(Records from a data collection)

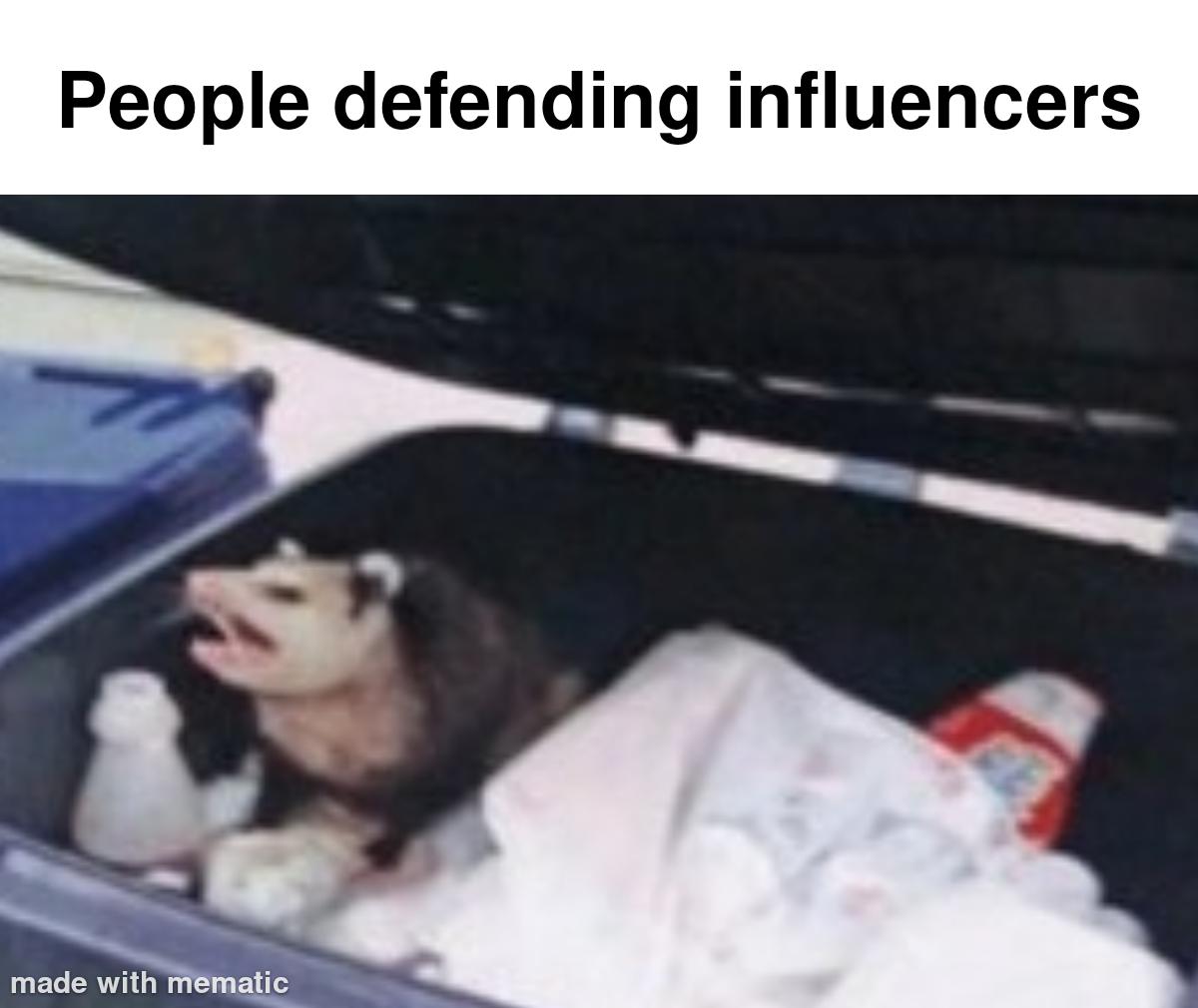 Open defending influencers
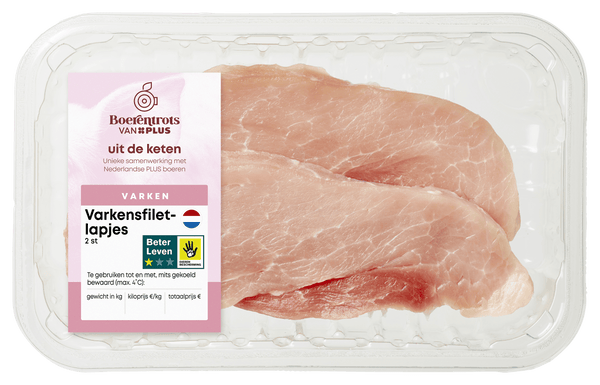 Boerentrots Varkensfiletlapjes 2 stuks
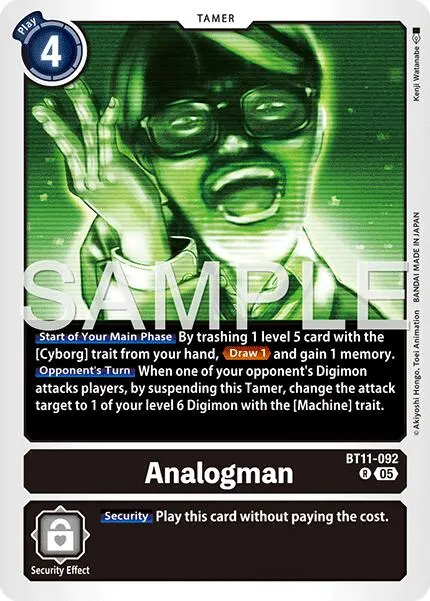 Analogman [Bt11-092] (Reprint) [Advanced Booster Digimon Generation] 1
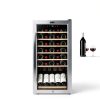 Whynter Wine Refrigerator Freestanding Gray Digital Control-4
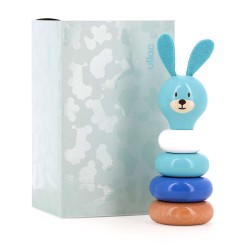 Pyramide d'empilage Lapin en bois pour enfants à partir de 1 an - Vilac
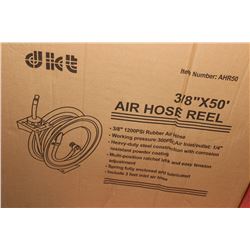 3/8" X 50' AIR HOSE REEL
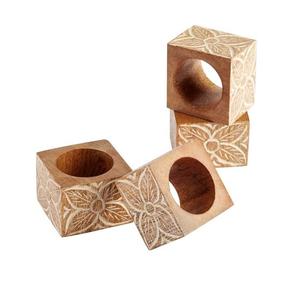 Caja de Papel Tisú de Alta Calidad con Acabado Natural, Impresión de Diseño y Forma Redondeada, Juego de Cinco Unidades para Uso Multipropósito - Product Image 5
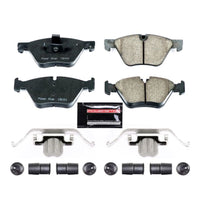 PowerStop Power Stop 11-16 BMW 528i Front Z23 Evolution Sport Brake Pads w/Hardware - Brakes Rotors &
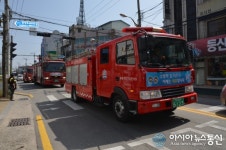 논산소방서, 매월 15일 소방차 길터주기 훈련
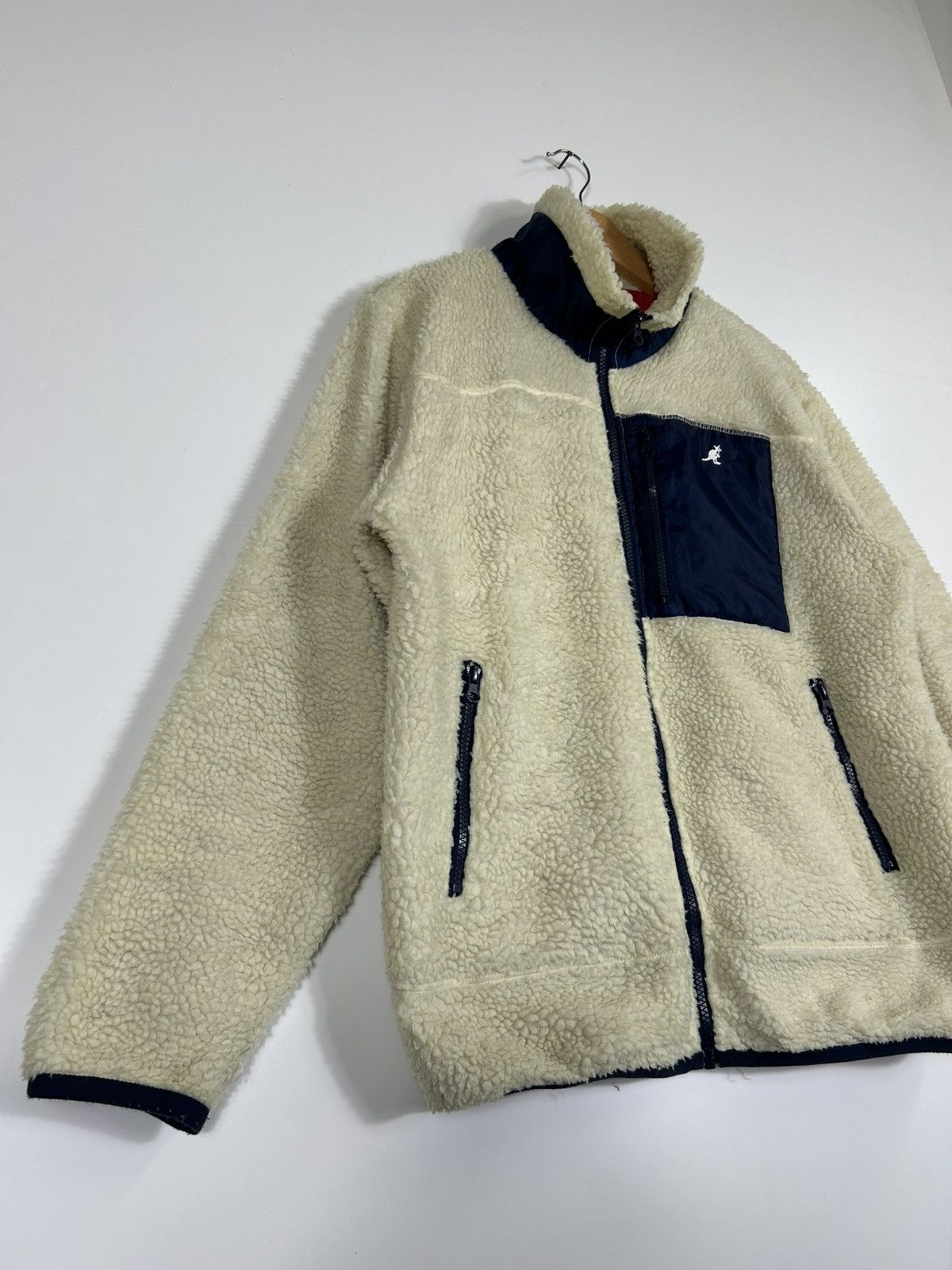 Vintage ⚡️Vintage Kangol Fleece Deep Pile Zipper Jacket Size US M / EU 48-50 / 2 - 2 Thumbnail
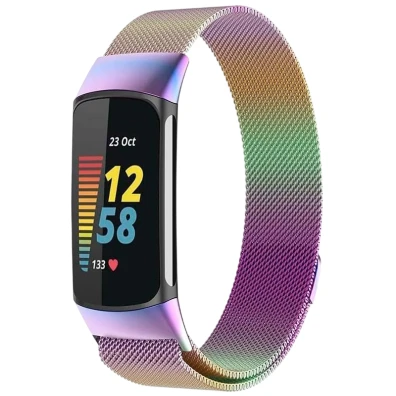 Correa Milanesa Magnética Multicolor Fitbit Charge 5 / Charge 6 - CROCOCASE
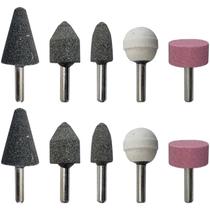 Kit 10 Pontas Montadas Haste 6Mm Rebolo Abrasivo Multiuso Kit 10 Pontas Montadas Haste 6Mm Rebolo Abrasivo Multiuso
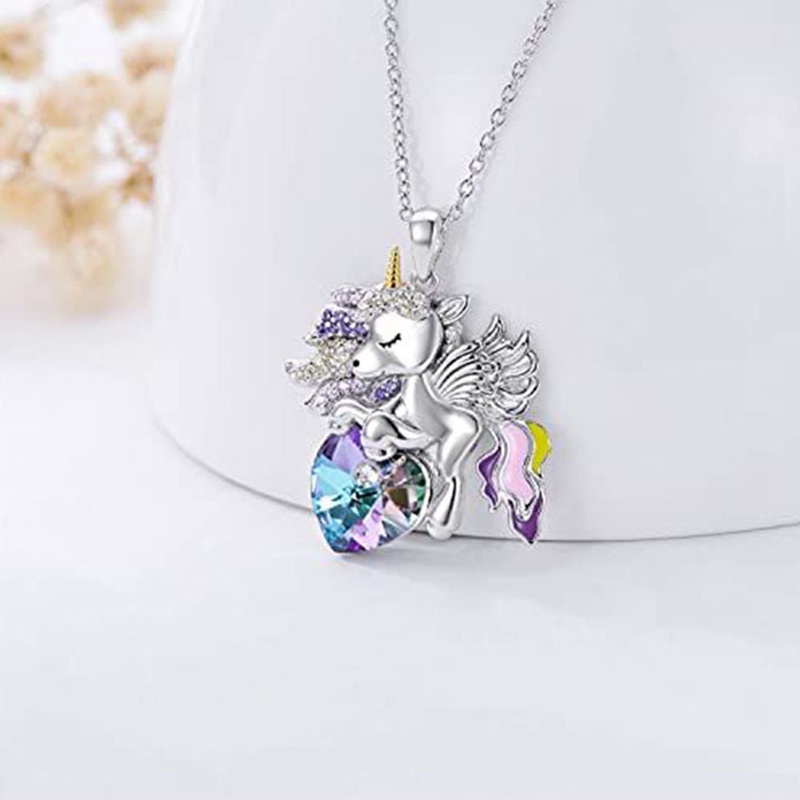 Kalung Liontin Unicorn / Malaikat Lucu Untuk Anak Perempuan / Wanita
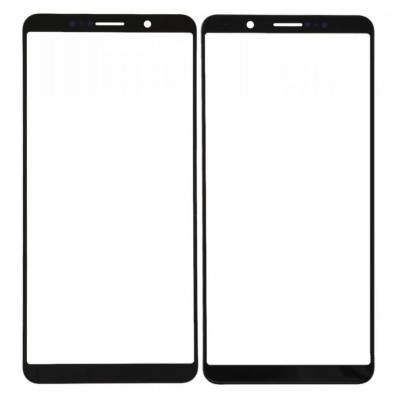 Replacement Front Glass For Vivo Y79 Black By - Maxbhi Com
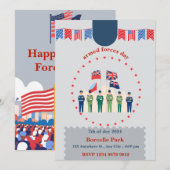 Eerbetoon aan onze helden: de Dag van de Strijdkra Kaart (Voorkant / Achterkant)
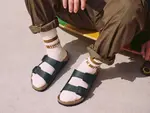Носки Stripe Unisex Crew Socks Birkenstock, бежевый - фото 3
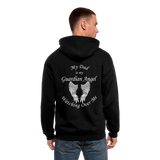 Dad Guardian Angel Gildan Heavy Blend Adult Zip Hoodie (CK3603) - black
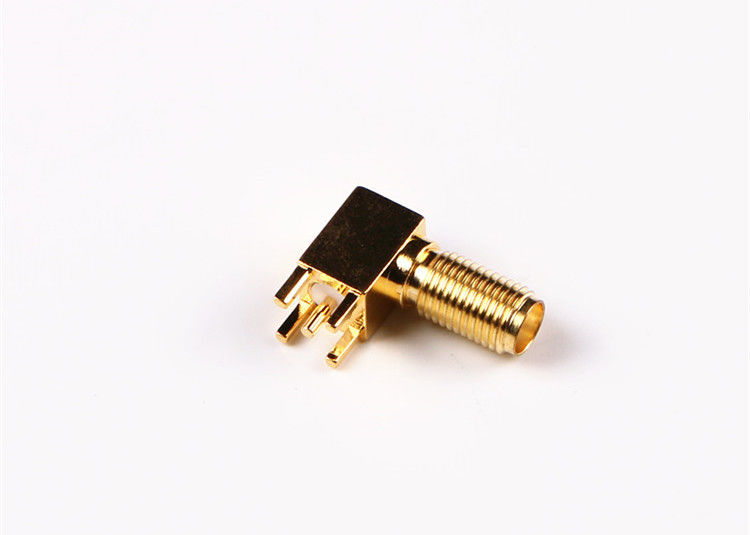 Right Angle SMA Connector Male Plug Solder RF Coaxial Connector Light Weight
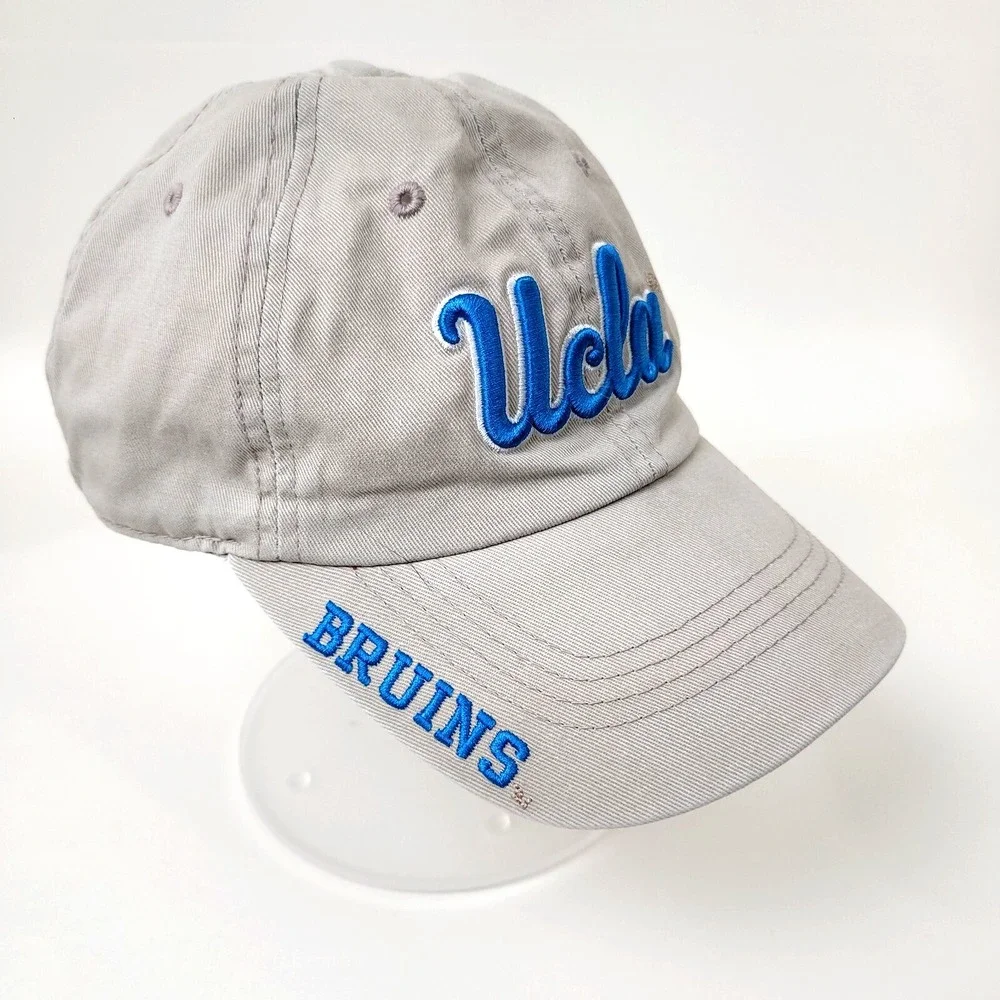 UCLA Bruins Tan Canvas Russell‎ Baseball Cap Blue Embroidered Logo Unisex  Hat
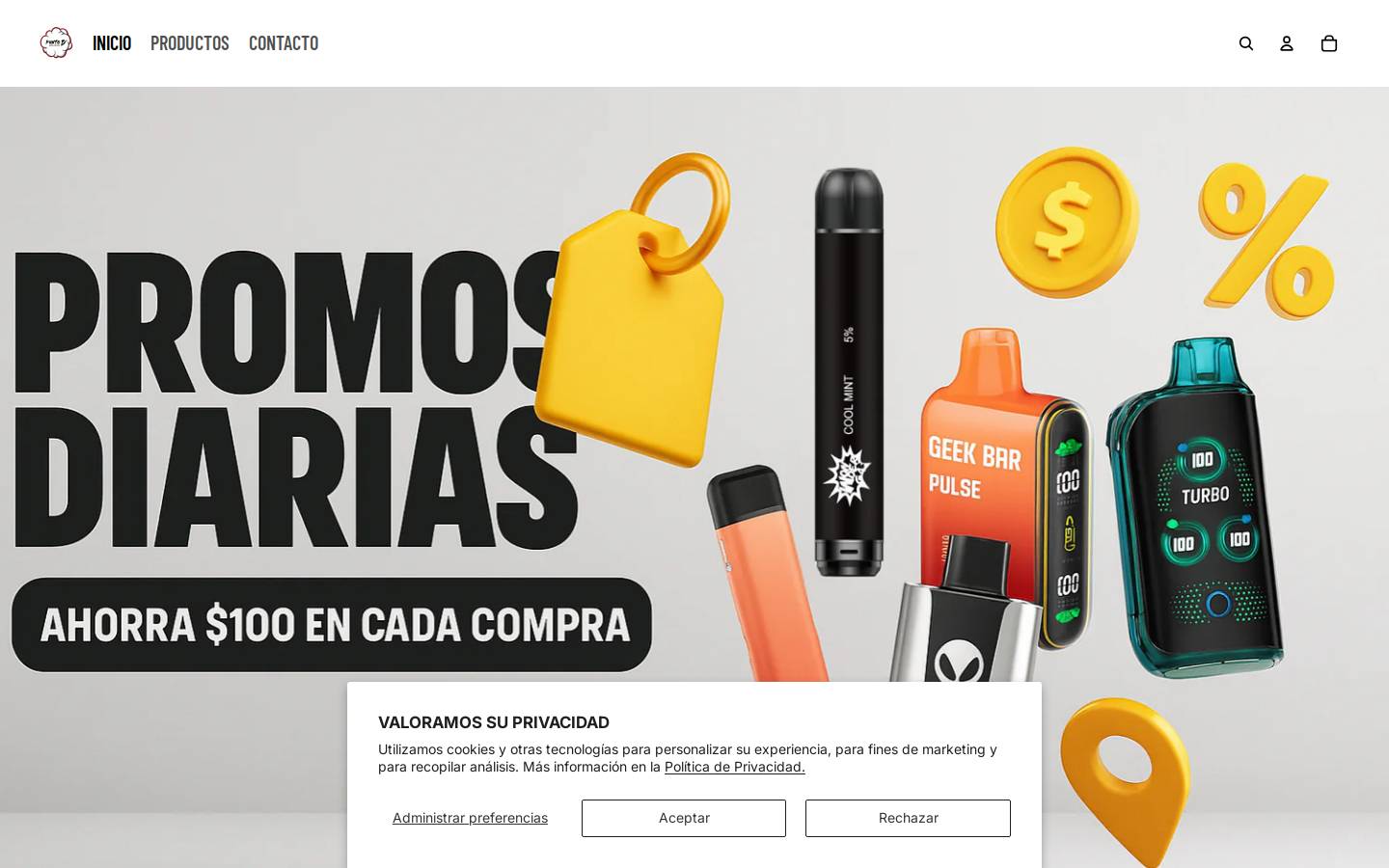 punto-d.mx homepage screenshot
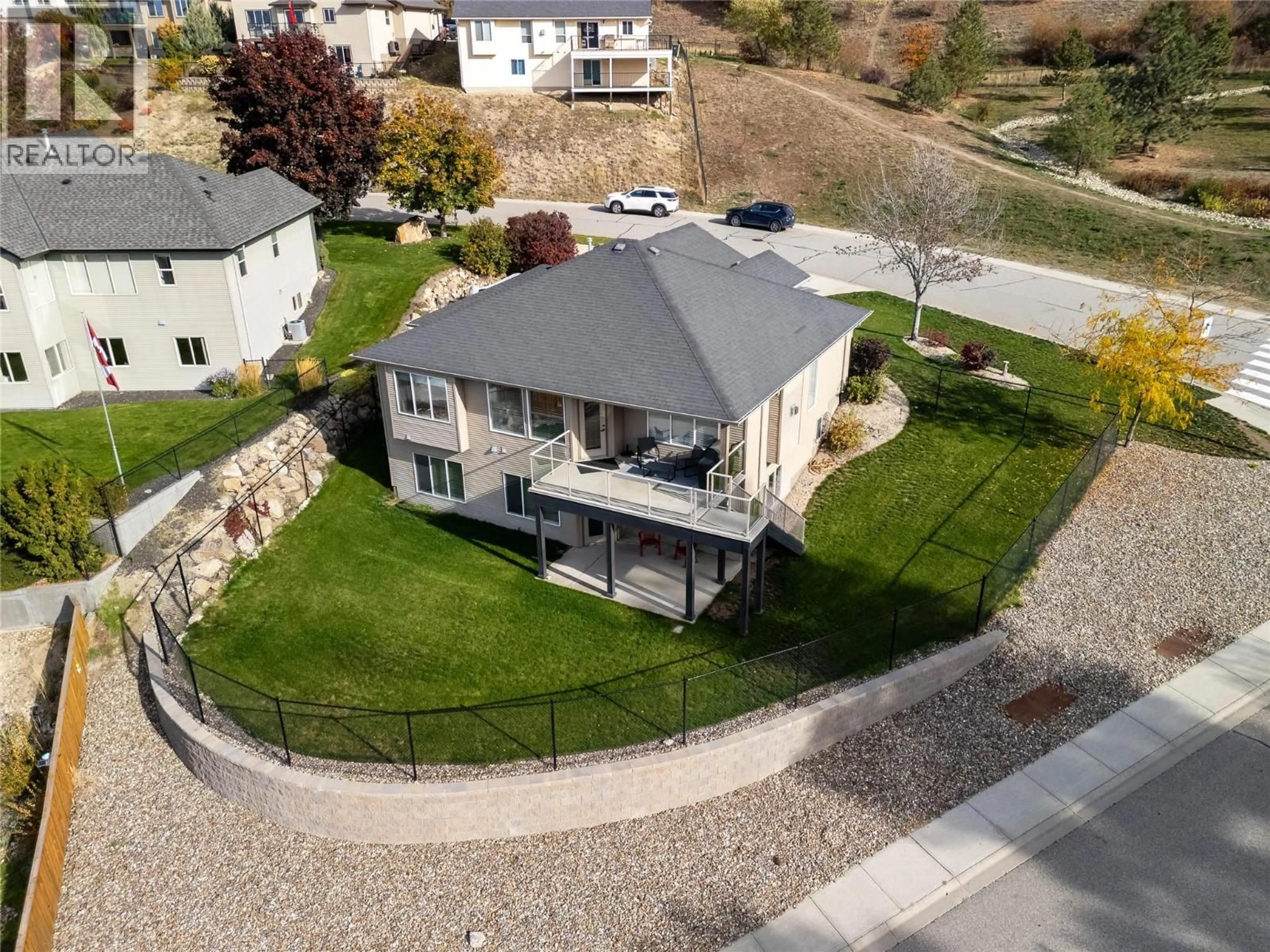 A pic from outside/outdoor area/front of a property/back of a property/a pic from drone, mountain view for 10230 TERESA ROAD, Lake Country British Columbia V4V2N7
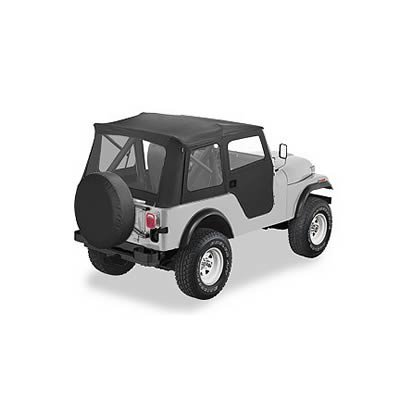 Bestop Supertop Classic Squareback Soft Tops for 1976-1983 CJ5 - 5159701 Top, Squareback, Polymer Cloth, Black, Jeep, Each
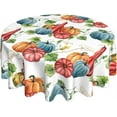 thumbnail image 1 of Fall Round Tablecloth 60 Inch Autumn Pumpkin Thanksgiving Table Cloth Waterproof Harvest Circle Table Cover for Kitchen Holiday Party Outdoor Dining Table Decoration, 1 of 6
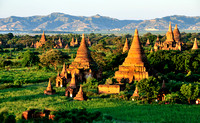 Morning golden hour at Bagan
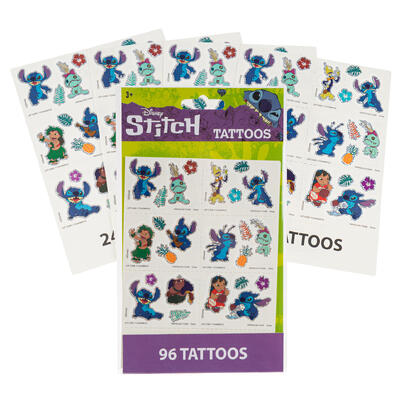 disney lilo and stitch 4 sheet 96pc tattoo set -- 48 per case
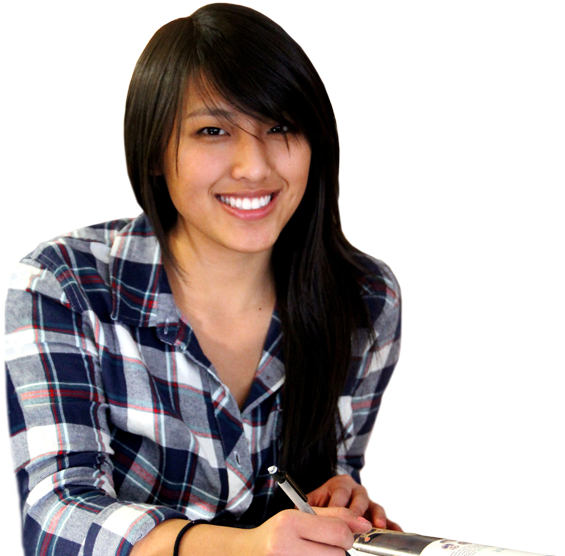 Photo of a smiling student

TASK OBJECTIVE:
After locating the line containing "Eerbetoon aan onze" in the entries above, repeat only it and each later line through the end, exactly, without any pictures.

EXERCISE RESPONSE:
 Eerbetoon aan onze helden: de Dag van de Strijdkra Kaart (Voorkant / Achterkant)
Носки Stripe Unisex Crew Socks Birkenstock, бежевый - фото 3
 Dad Guardian Angel Gildan Heavy Blend Adult Zip Hoodie (CK3603) - black
 Right Angle SMA Connector Male Plug Solder RF Coaxial Connector Light Weight
 UCLA Bruins Tan Canvas Russell‎ Baseball Cap Blue Embroidered Logo Unisex  Hat
 punto-d.mx homepage screenshot
 A pic from outside/outdoor area/front of a property/back of a property/a pic from drone, mountain view for 10230 TERESA ROAD, Lake Country British Columbia V4V2N7
 Bestop Supertop Classic Squareback Soft Tops for 1976-1983 CJ5 - 5159701 Top, Squareback, Polymer Cloth, Black, Jeep, Each
 thumbnail image 1 of Fall Round Tablecloth 60 Inch Autumn Pumpkin Thanksgiving Table Cloth Waterproof Harvest Circle Table Cover for Kitchen Holiday Party Outdoor Dining Table Decoration, 1 of 6
 Morning golden hour at Bagan
 disney lilo and stitch 4 sheet 96pc tattoo set -- 48 per case
 Photo of a smiling student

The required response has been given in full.